Do I miss “the smell of the crowd” and “the roar of the greasepaint” these days?  At times, I do miss the music, but not the music business.  Harder to figure out than politics, the logic that frames the decisions of those who decide whose music careers will live and whose music careers will die are as mystifying and treacherous as any mob meeting, and sometimes just as deadly.  

It’s always been very difficult for me to accept a system (the music business) that takes the something you have to offer (your talent) and then requires someone else (a record company) who has no idea exactly how or what it is you do to be ultimately responsible for your future as an artist.  

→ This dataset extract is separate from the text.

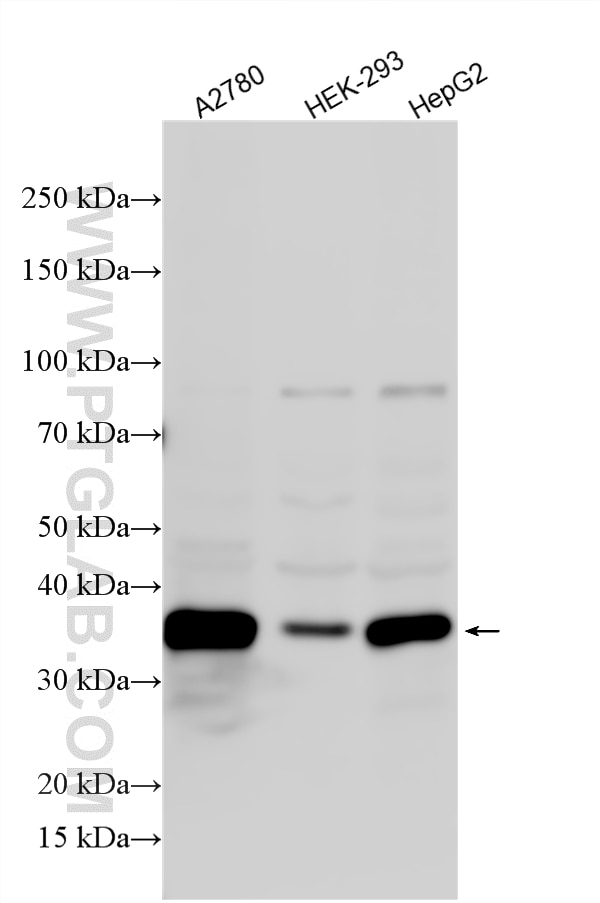 Western Blot (WB) analysis of various lysates using SPRY1 Polyclonal antibody (17813-1-AP)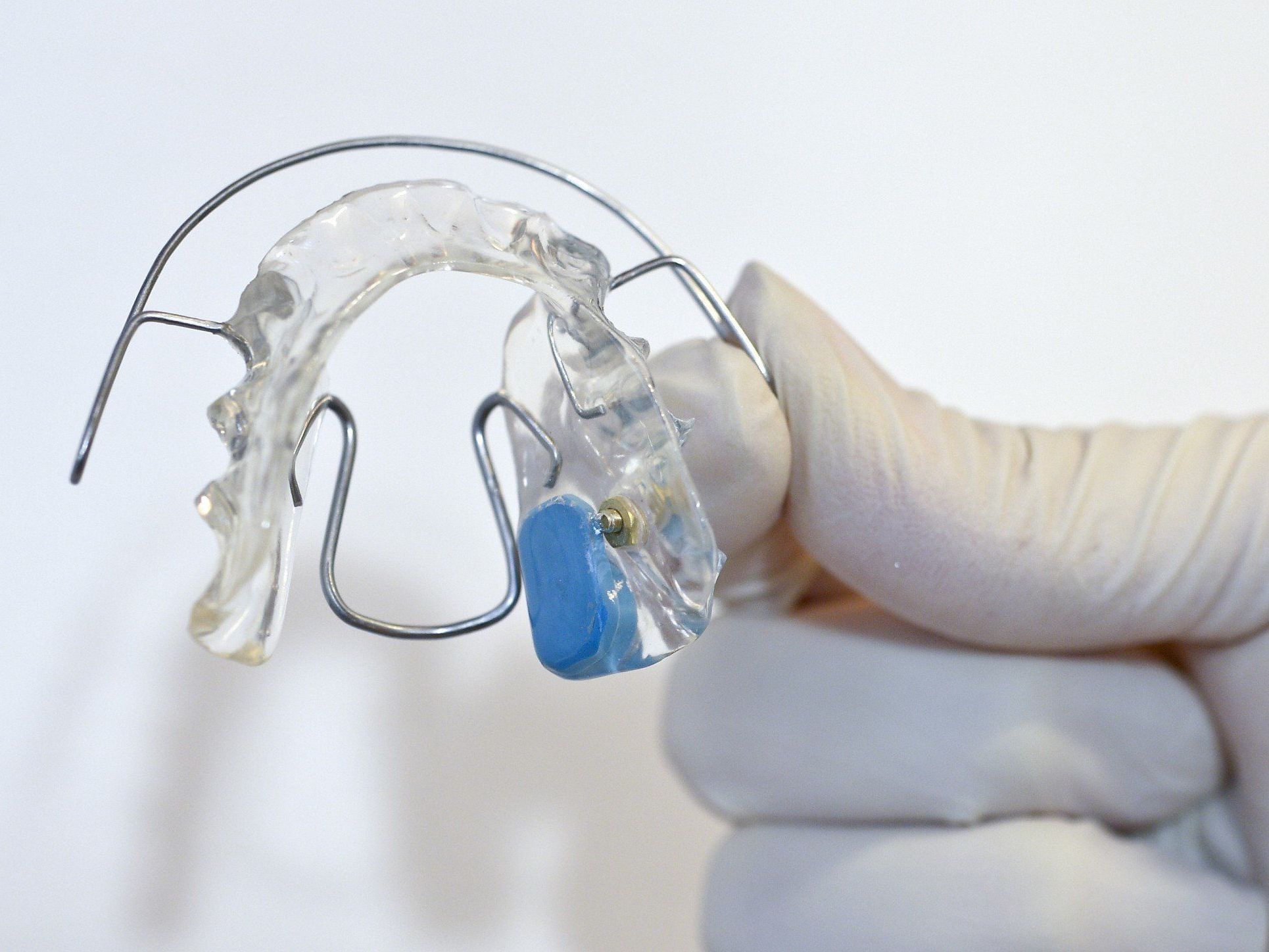 Kinder bis 18 Jahre sollen künftig kostenlose Zahnspangen erhalten. Kinder bis 18 Jahre sollen künftig kostenlose Zahnspangen erhalten.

If you do get signed, you become the thing that everybody in the room talks about.  There are no direct discussions with you; only managers, attorneys, and those at the record company who put together your contract.  These are big, fat contracts that say you SHALL do this and you SHALL do that or we SHALL ruin your future!  You SHALL not own your own songs!  They are the property of the record company!  You SHALL not make any money until we say so.  We SHALL pay you very well, though, for advertising OUR MUSIC by playing an endless stream of concerts until your bones turn brittle so WE can make most of the money.  You SHALL kiss the hairy asses of everyone connected to your miserable career at all times, because if we had as much talent as you do, we SHALL not need you!  Sounds fair, right?  

So, what does the future hold for me now?  Who knows?  I figure if I Keep Showing Up, I’ll find out!   

 

The end credits for the 2017 movie "Strange Colours". The Private Numbers version of my song "Secret Place" is featured in the movie.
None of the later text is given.